**PROMPT**
Everything from the line with "Barometru Mathaus: Românii, detectivi" to the end of the data below, both lines included, should be transcribed exactly; please omit the pictures.

**RECORDED INFORMATION**
╭──

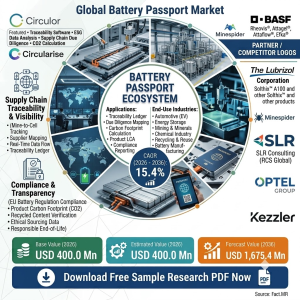 Battery Passport Market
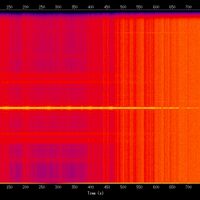 spectrogram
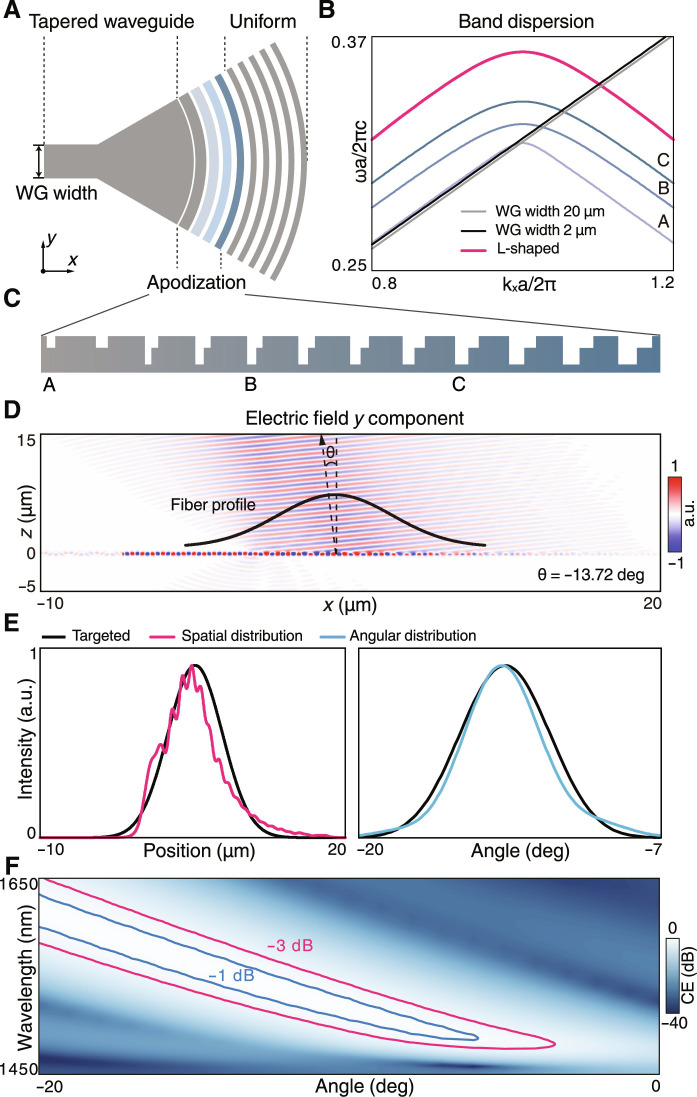 Fig. 2.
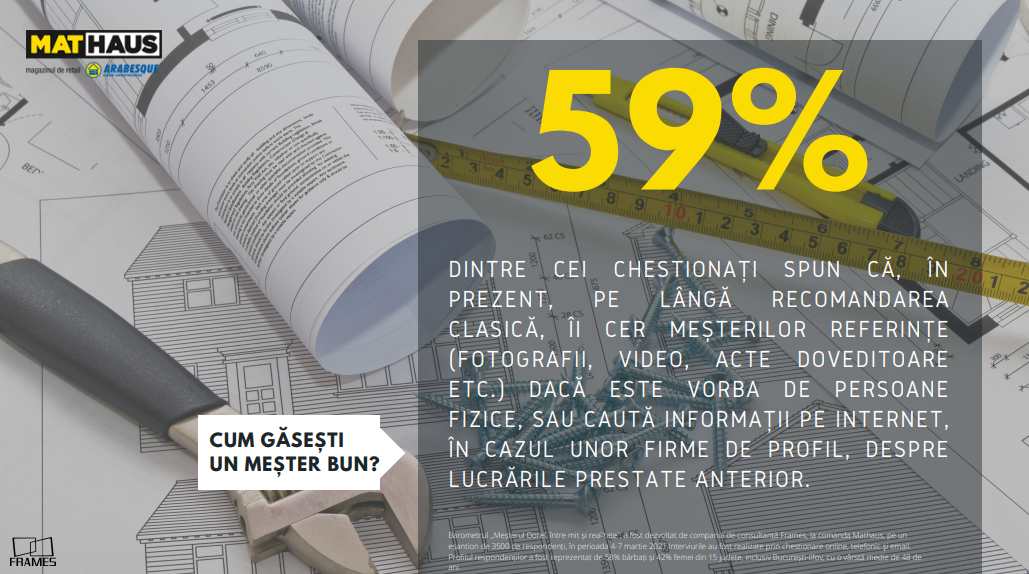 Barometru Mathaus: Românii, detectivi de nevoie! 6 din 10 clienți caută informații despre meșteri, când își renovează locuința — Imagine 3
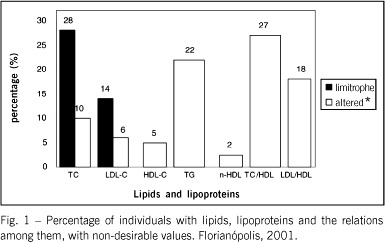 Serum lipids in school kids and adolescents from Florianópolis, SC, Brazil: Healthy Floripa 2040 study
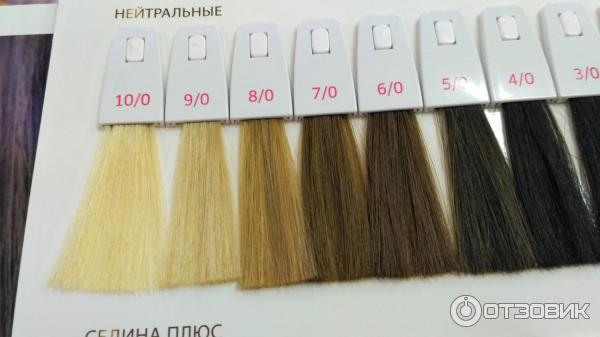 Wella Koleston Perfect: Pure Naturals – палитра краски для волос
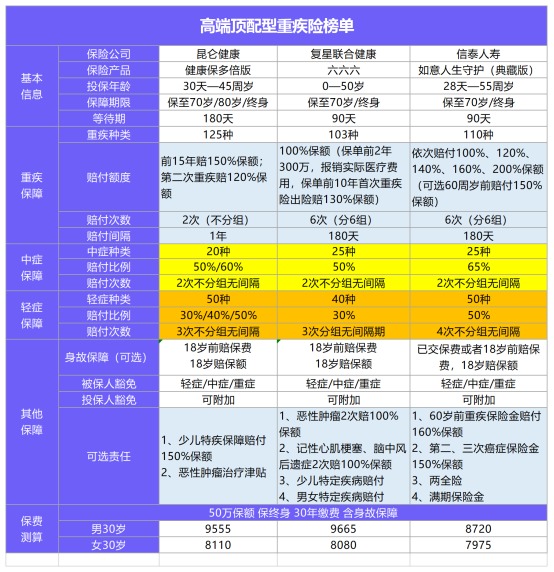 11月最值得買的爆款重疾險都在這！別錯過了！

╰──

**EXERCISE OUTPUT**
 Barometru Mathaus: Românii, detectivi de nevoie! 6 din 10 clienți caută informații despre meșteri, când își renovează locuința — Imagine 3
 Serum lipids in school kids and adolescents from Florianópolis, SC, Brazil: Healthy Floripa 2040 study
 Wella Koleston Perfect: Pure Naturals – палитра краски для волос
 11月最值得買的爆款重疾險都在這！別錯過了！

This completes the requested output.